In fact, there are three calls of beast::get_abstract_clock() in src/ripple, one of which is in wrapper ripple::stopwatch(), which itself has 23 more calls. There are even more direct calls into standard library clocks, e.g. std::chrono::system_clock::now(). Some are through type aliases, which makes them difficult to count.

Am I perceiving this situation correctly? That our direct calls to beast::get_abstract_clock() and std::chrono::{system_clock,steady_clock,high_resolution_clock}::now() make our components untestable?

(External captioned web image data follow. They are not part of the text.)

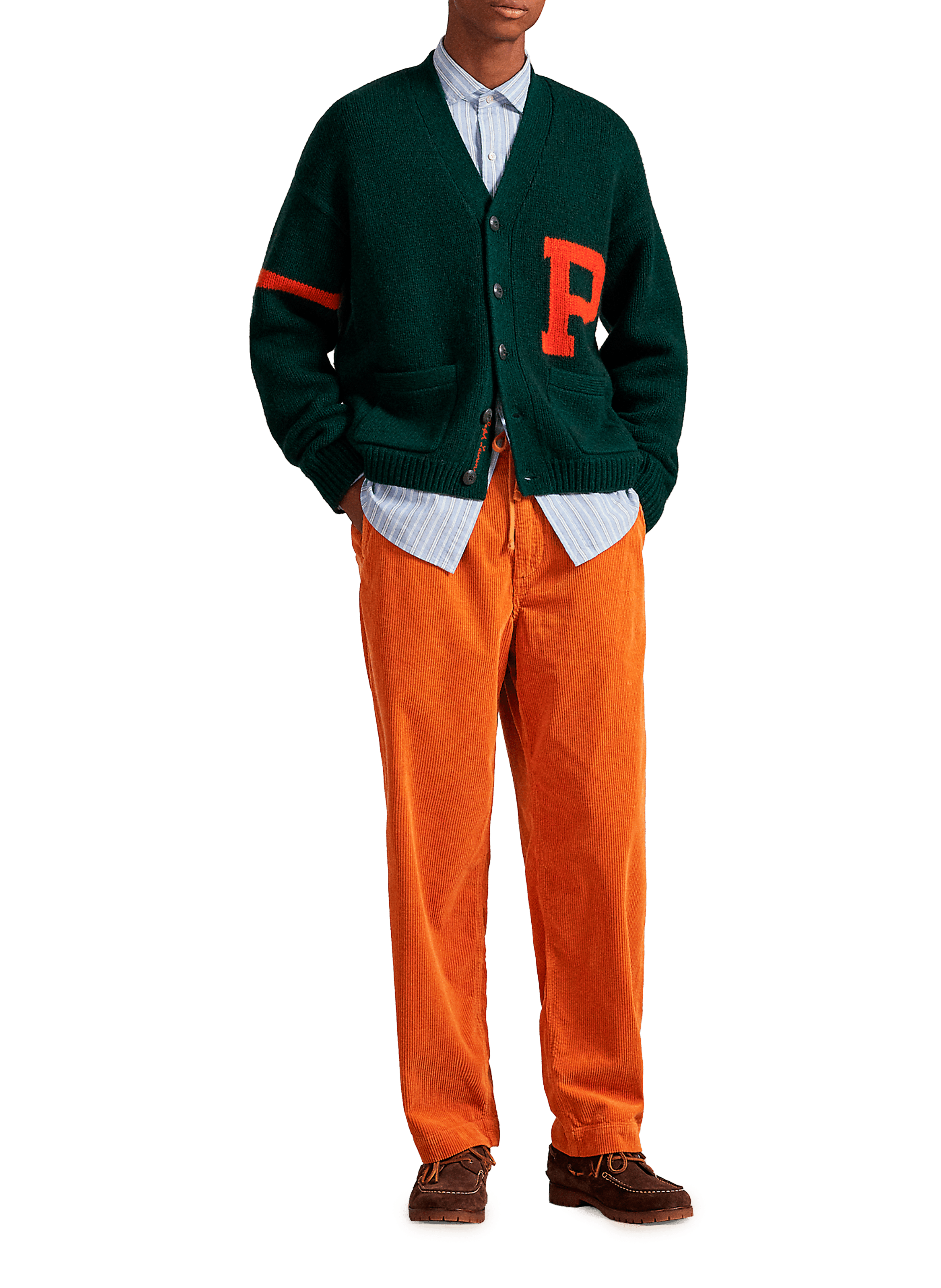 Pantalon en velours côtelé  POLO RALPH LAUREN Orange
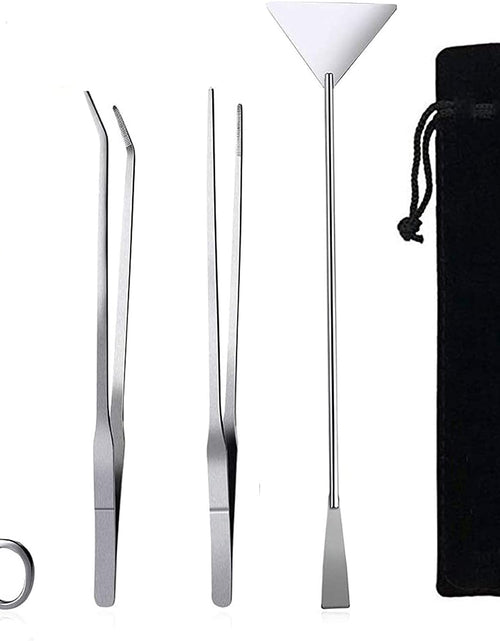 Load image into Gallery viewer, Aquarium Aquascaping Tool, Long Tweezers Scissors Spatula, 4 in 1 Stainless Steel Aquatic Plants Set for Fish Starter Kits, Aquariums Tank and Terrarium
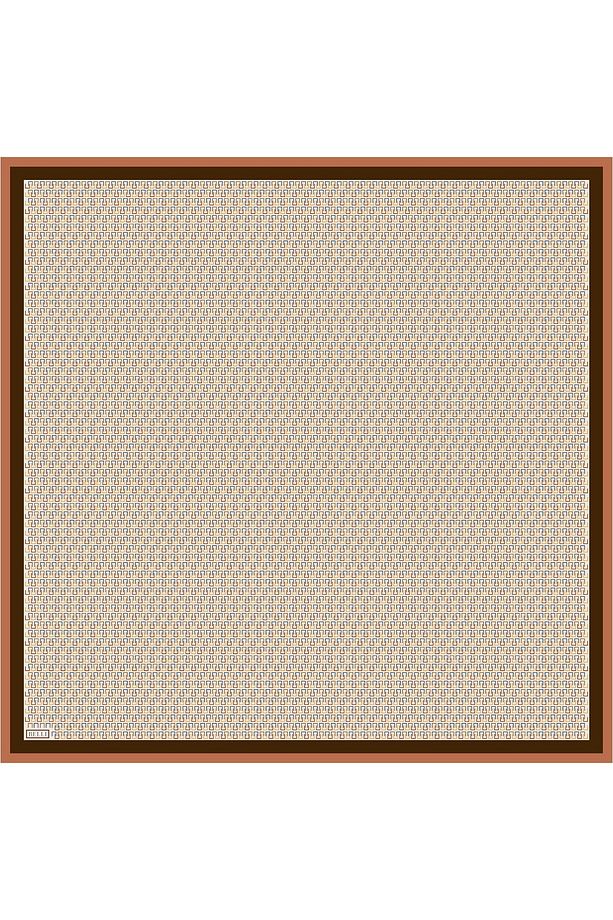 BELLİ SAF İPEK EŞARP 4002D (TWİLL) - 1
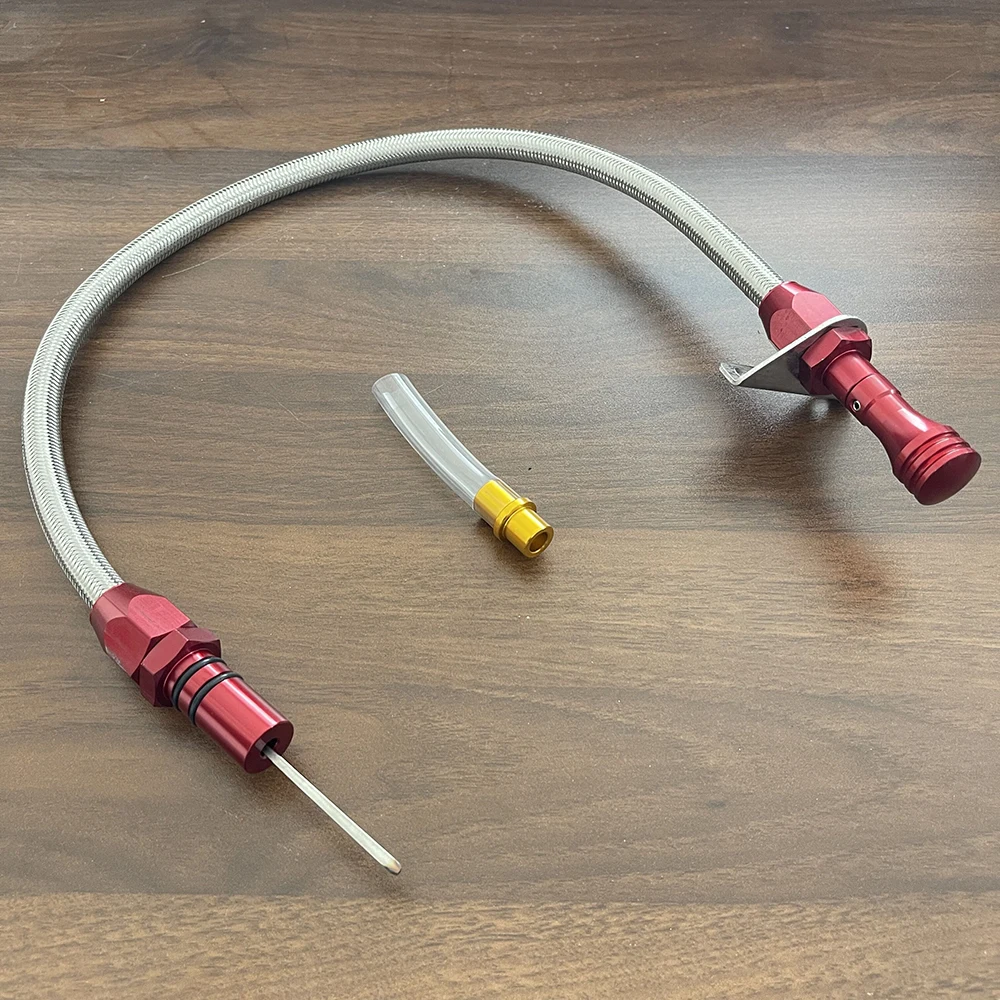 BAOLUN For GM Chevy TH-400 TH-350 Turbo SBC BBC 350 400 TH350 TH400 Flexible Stainless Transmission Dipstick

If it is, then I see two ways to fix it:

• Make every component that needs a clock take and hold a reference to a beast::abstract_clock the way the aged containers do. This is not my preferred approach. It is parameter drilling, which I hate, and it would expand the blast radius to more components than the next method, which I prefer.
• Use a thread-local global for the clock. In fact, a different global for each clock (system clock, steady clock, seconds clock, and any other clock). All callers can get the time through a static global function, they don't have to hold any references, and you can easily substitute manual clocks in tests.

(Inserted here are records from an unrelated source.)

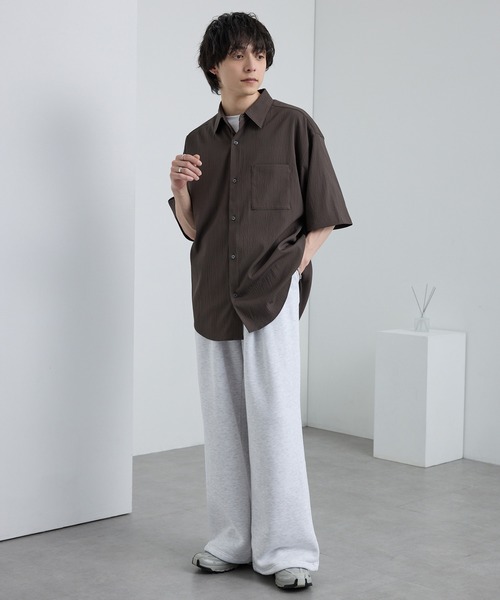 MONO-MART（モノマート） スウェットパンツ ジャージ ドロストワイド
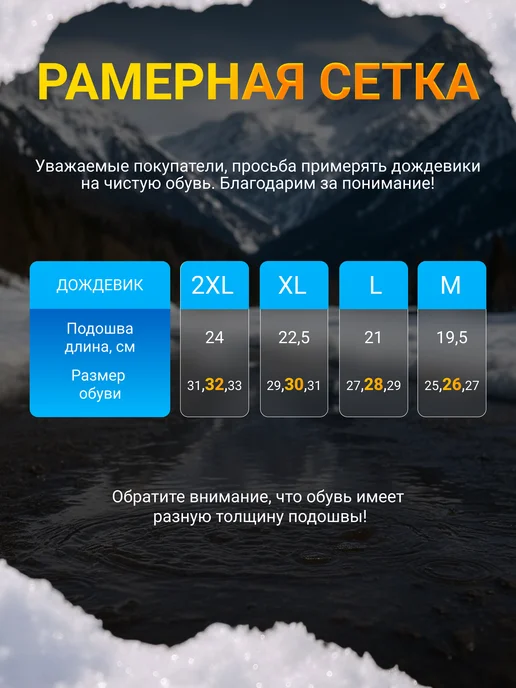 dokotrend Дождевики для обуви детские, синий, фото 6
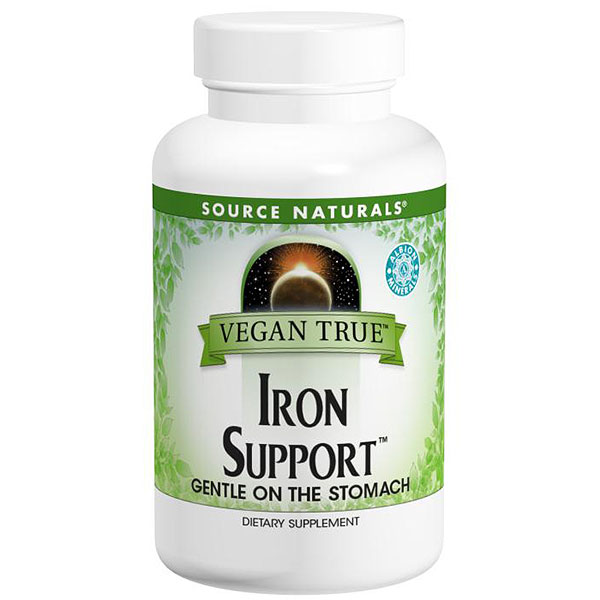 Vegan True Iron Support, 180 Tablets, Source Naturals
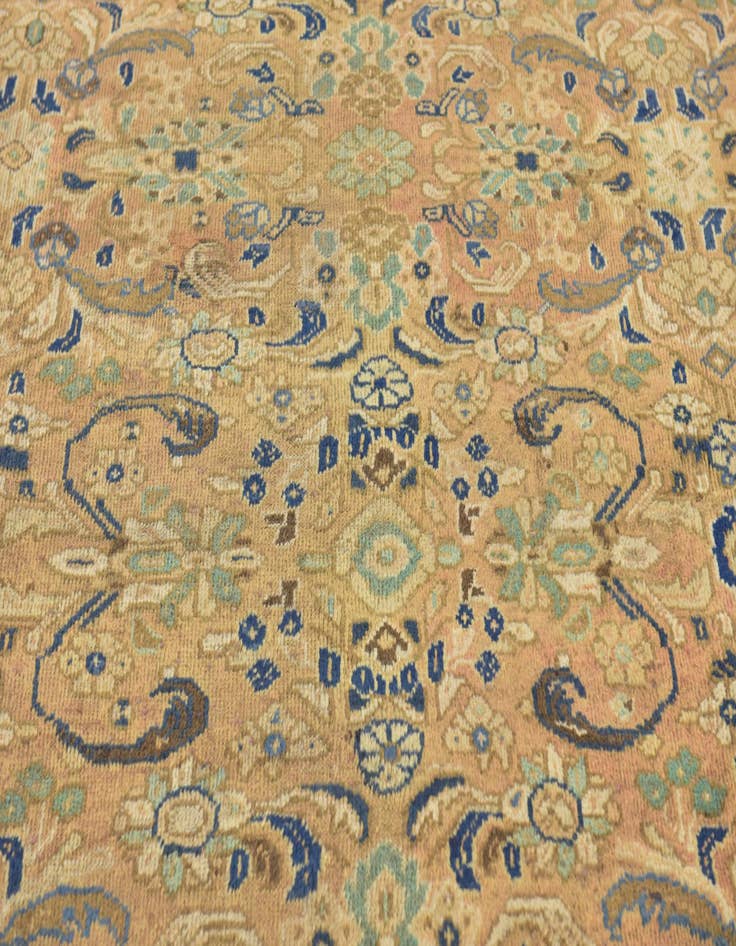 Detail image of 10' 2 x 12' 9 Hand Knotted Mahal Persian Wool Rug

But it's not just our components we need to worry about. We need to be able to give manual clocks to all of our time-sensitive dependencies. The only one that comes to mind is Boost.Asio, but it is everywhere. I found an explanation from the creator on how to define and pass a manual clock for boost::asio::basic_deadline_timer, but we don't use that. We use boost::asio::basic_waitable_timer, which accepts a different traits type parameter whose relationship to the one explained in the blog post is unclear to me.

Thoughts?

[HowardHinnant]

Nice summary!

An additional observation: beast::abstract_clock and its subtypes such as beast::manual_clock do not meet the Cpp17Clock requirements because of the non-static member now(). This doesn't make them bad clocks. But it does mean that these clocks can not be used in the std concurrency library. Examples include std::condition_variable::wait_until and std::this_thread::sleep_until.

So no clock is perfect, and sometimes we have to choose between testability and usability with the std concurrency library.

On a positive note, if we accidentally use a non-Cpp17Clock with the concurrency library, it is a compile-time error, not a run-time error. And we now have a trait to test for the Cpp17Clock requirements: std::is_clock.

[thejohnfreeman]

Good point about std concurrency. I see two options then for manual clocks.

1. Thread-local globals: Substitute clock types have a static now() method that returns the time point pointed-to by a non-const thread-local pointer. The time point can be std::atomic to make it thread-safe. Relaxed ordering should be sufficient, deferring synchronization to callers.

thread_local std::atomic<time_point>* now_;
struct manual_clock {
    static time_point now() {
        return now_->load(std::memory_order_relaxed);
    }
}

We must be careful passing these clocks to components like Boost.Asio. The clock's behavior depends on the thread in which it is called. If we do not carefully control the initialization and waking of worker threads, to make sure the correct clock is in place at the start of execution, then callers will read either the wrong time point (bug) or no time point (UB, likely segfault).

2. Static globals: Substitute clock types have a tag type parameter. Each instance has its own static non-const time point member, again atomic.

template <std::size_t id>
struct manual_clock {
    static std::atomic<time_point> now_;
    static time_point now() {
        return now_.load(std::memory_order_relaxed);
    }
}

The same clock type is no longer an interface to multiple clock values, but we must still be careful. Each test will be tied to a specific clock ID, and two tests with the same clock ID cannot execute concurrently. One possibly disqualifying disadvantage of this approach is that the clock type parameter needs to invade every context.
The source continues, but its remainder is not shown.